No, "at the night" is incorrect. It's "on the night (of ....)", "on that night".


----------



## heypresto

Lun-14 said:


> Doesn't "at *the* night" refer to some _specific_ night, i.e. the night that has been previously mentioned. E.g.
> A: What do you do *on* the New Year's night?



Your answer is in the question.


----------



## moseen

Lun-14 said:


> Doesn't "at *the* night" refer to some _specific_ night, i.e. the night that has been previously mentioned. E.g.
> A: What do you do on the New Year's night?
> B: I burn firecrackers at *the* night.


isn't In the night ?
I burn firecrackers in *the* night???No??


----------



## Lun-14

VicNicSor said:


> No, "at the night" is incorrect. It's "on the night (of ....)", "on that night".





heypresto said:


> Your answer is in the question.


I'm confused...
The definite article is used exactly in the same way as I did in #22. Why is my explanation wrong?


----------



## Lun-14

moseen said:


> isn't In the night ?
> I burn firecrackers in *the* night???No??


You mean to say that I should use "in the night" rather than "at the night" in my example? i.e.
I burn firecrackers *in* the night.


----------



## VicNicSor

Lun-14 said:


> I'm confused...
> The definite article is used exactly in the same way as I did in #22. Why is my explanation wrong?


In this question, where you used "on" yourself:


Lun-14 said:


> What do you do on the New Year's night?


Except that it should be like this:

What do you do are you doing *on *the New Year's night?


----------



## rituparnahoymoy

moseen said:


> isn't In the night ?
> I burn firecrackers in *the* night???No??



At night, What I was told and what I learned here is a specific point in time. Now don't ask me why. And I still now, haven't understood when to speak *at night and In the night.*

*There is a song,*
In the night she hears him calling
In the night she's dancing to relieve the pain
She'll never walk away (I don't think you understand)
In the night when she comes crawling… More

There are some things which can't be understood by us and can only understood by native speakers. That is with every language I believe.

I don't think we *burn* firecrackers. We *set off (make them explode)* them.

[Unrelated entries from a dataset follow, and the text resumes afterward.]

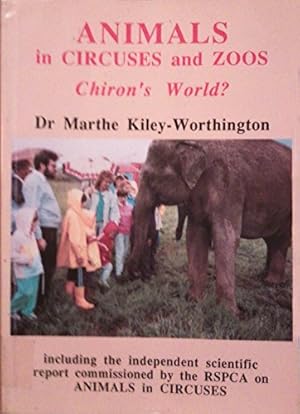 Bild des Verkufers fr Animals in Circuses and Zoos: Chiron's World? zum Verkauf von WeBuyBooks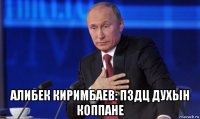  алибек киримбаев: пздц духын коппане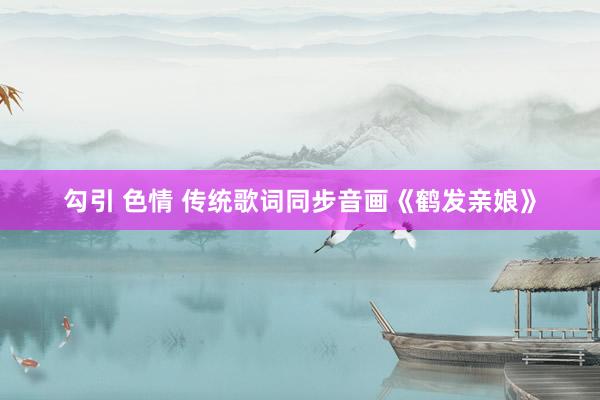 勾引 色情 传统歌词同步音画《鹤发亲娘》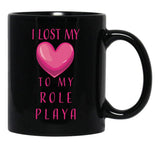 I Lost My Heart To My Role Playa Black Gift Coffee Mug - Black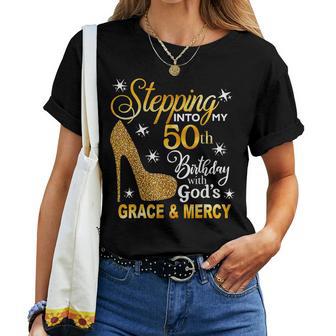 Stepping Into My 50Th Birthday With Gods Grace & Mercy Women T-shirt Short Sleeve Graphic - Thegiftio UK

Burning would mean we have destroyed them.


----------



## moseen

VicNicSor said:


> In this question, where you used "on" yourself:
> 
> Except that it should be like this:
> 
> What do you do are you doing *on *the New Year's night?


Thank you.
please tell about " I burn firecrackers at *the* night"?


----------



## VicNicSor

moseen said:


> Thank you.
> please tell about " I burn firecrackers at *the* night"?


"At the night" here is incorrect


----------



## Lun-14

VicNicSor said:


> In this question, where you used "on" yourself:
> 
> Except that it should be like this:
> 
> What do you do are you doing *on *the New Year's night?


Please reread my explanation (#22) that I gave in support of "at the night". I just want to know why "at *the* night" is wrong. In other words, why can't I use "at *the* night" in this sentence:
"I burn firecrackers at *the* night."
(I used "the" with _night_ here because the night has already been mentioned - New Year's night.)


----------



## moseen

VicNicSor said:


> "At the night" here is incorrect


I mean, here should we say "on the night" or "in the night"?


----------



## Lun-14

"The" makes _night _specific, so we talk about some specific night, then we can say "at *the* night".


----------



## VicNicSor

Lun-14 said:


> Please reread my explanation (#22) that I gave in support of "at the night". I just want to know why "at *the* night" is wrong. In other words, why can't I use "at *the* night" in this sentence:
> "I burn firecrackers at *the* night."
> (I used "the" with _night_ here because the night has already been mentioned - New Year's night.)


You keep boldfacing the "the", but the preposition "at" is wrong. It's just not used like that.


moseen said:


> I mean, here should we say "on the night" or "in the night"?


In this context it would be ON.


----------



## Florentia52

We use "on the night" when referring to a specific night we wish to reference or observe:

On the night before Christmas, children hang their stockings.
On the night of the big earthquake, most people were in bed.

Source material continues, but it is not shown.